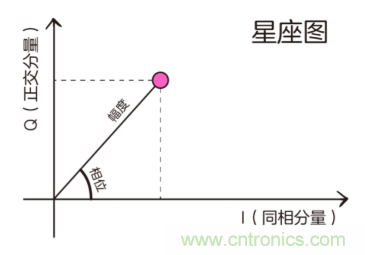 基帶、射頻，還有誰(shuí)不了解的嗎？看這里來(lái)?。?！
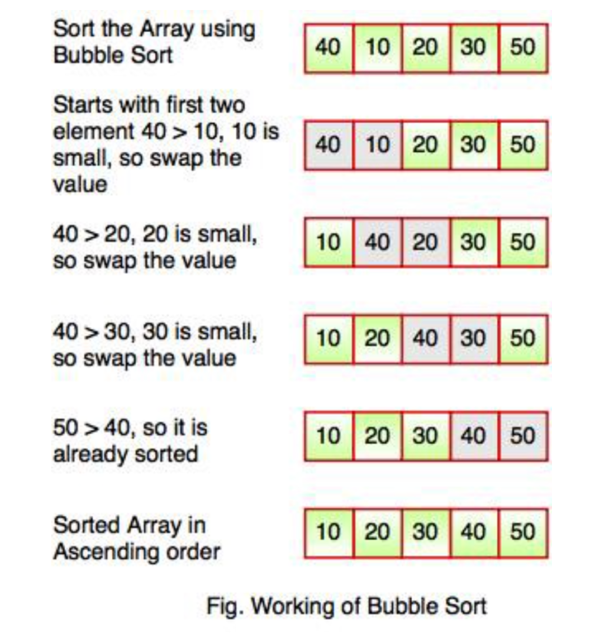 15 slides presentation on the research paper attached. 3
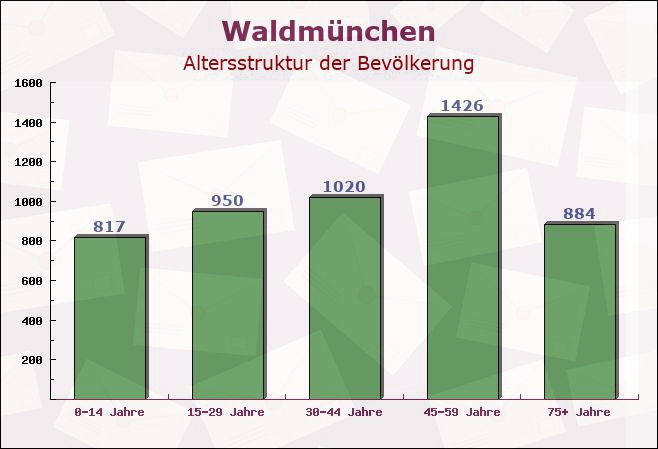 Waldmünchen, Bayern - Altersstruktur der Bevölkerung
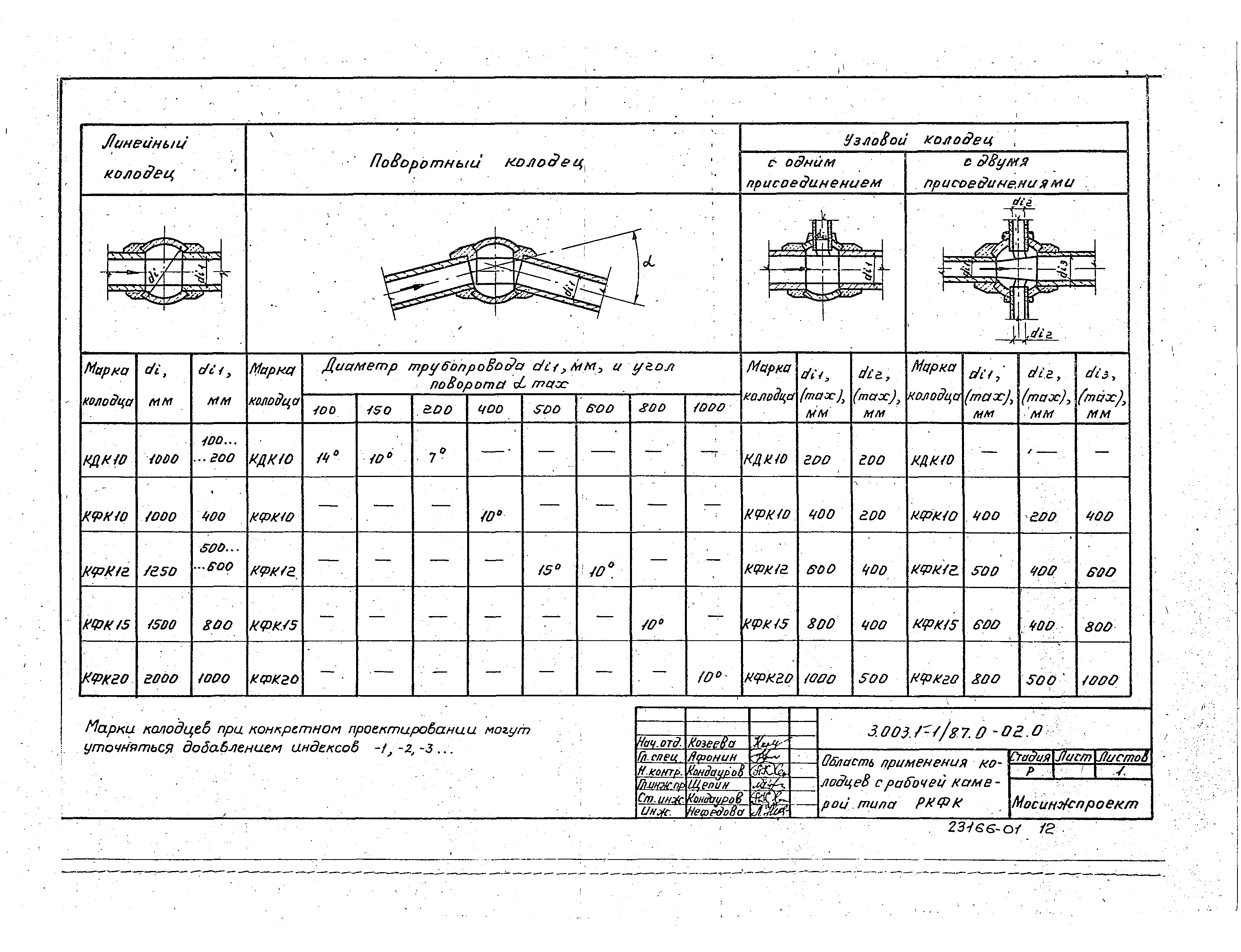 Серия 3.003.1-1/87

--------------------

## What the exercise asks:
Could you repeat all of the material exactly? Pictures should not be copied.

## Answer space:
 基帶、射頻，還有誰(shuí)不了解的嗎？看這里來(lái)?。?！
 15 slides presentation on the research paper attached. 3
 Waldmünchen, Bayern - Altersstruktur der Bevölkerung
 Серия 3.003.1-1/87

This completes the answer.